----- DATA UNDER STUDY

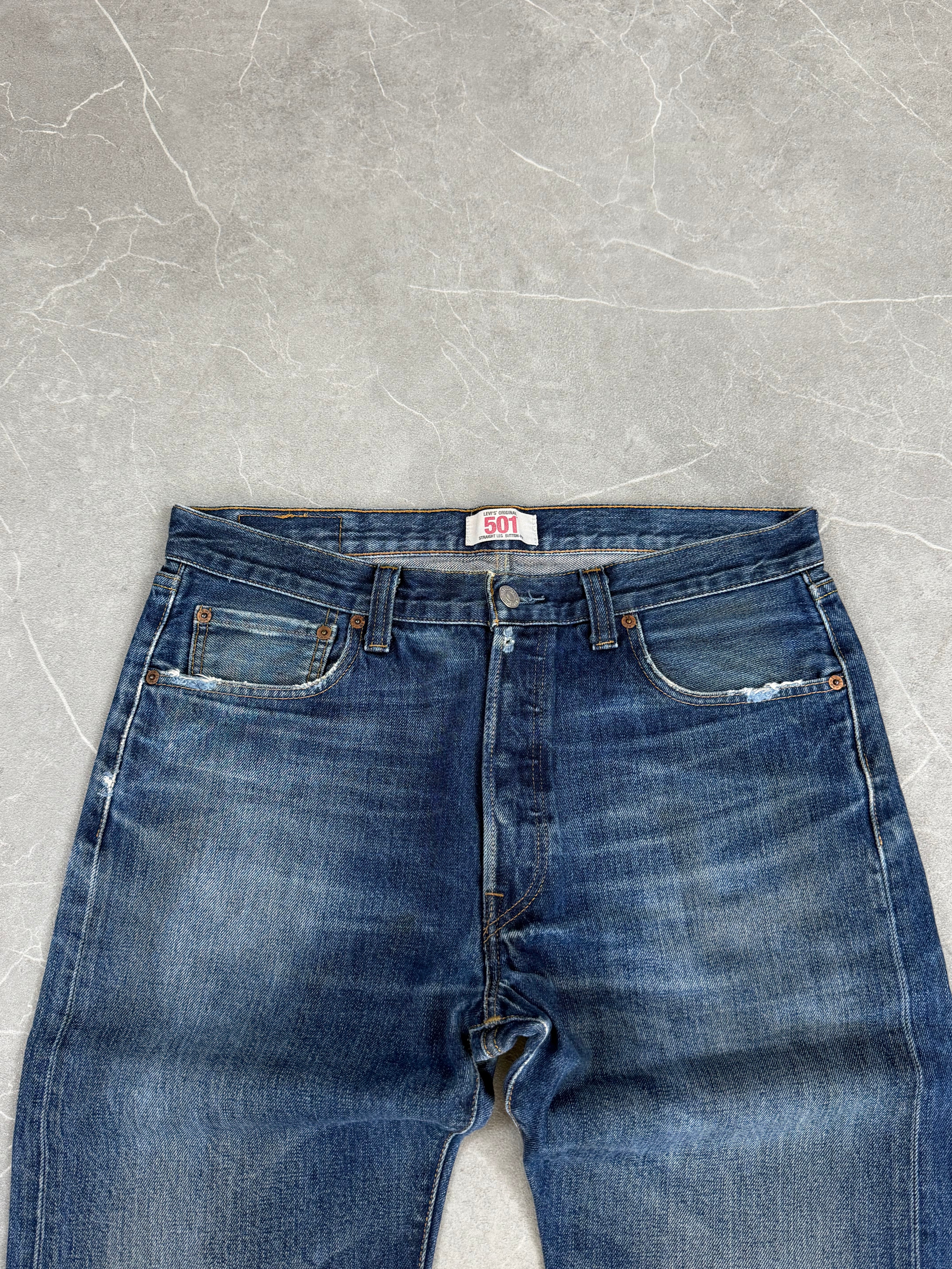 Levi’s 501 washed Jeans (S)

----------
----- DATA UNDER STUDY

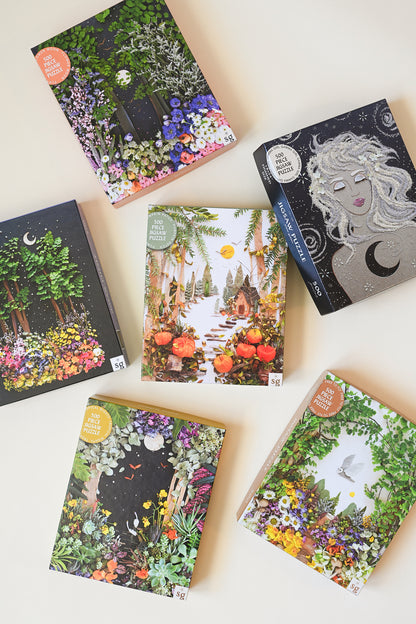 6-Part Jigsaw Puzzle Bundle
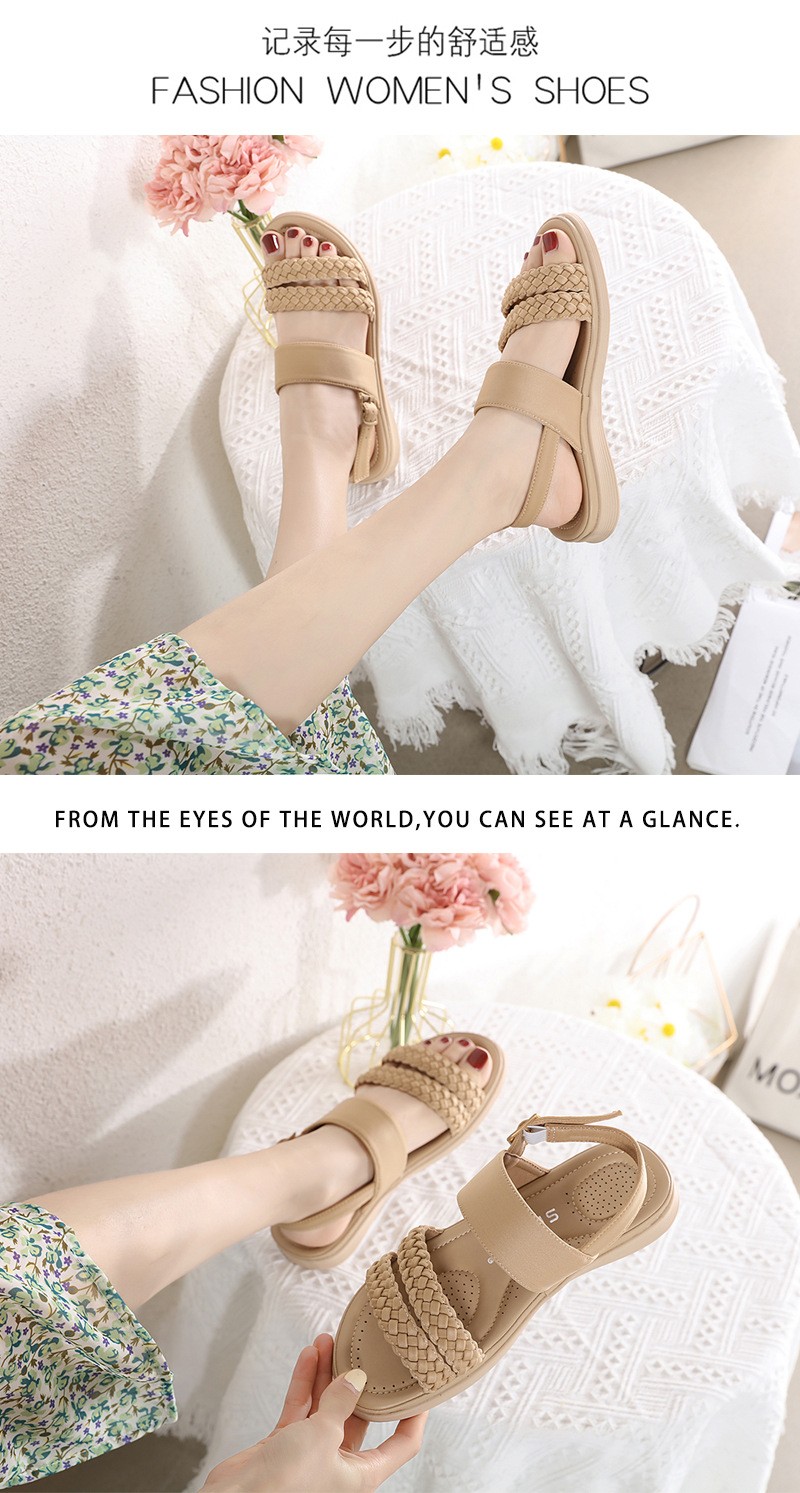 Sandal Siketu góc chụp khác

----------

### [TASK PROMPT]
Return only the stretch above from the line containing "6-Part Jigsaw Puzzle Bundle" through the line containing "Sandal Siketu góc chụp khác", word for word and without pictures.

### [RESULT BELOW]
 6-Part Jigsaw Puzzle Bundle
 Sandal Siketu góc chụp khác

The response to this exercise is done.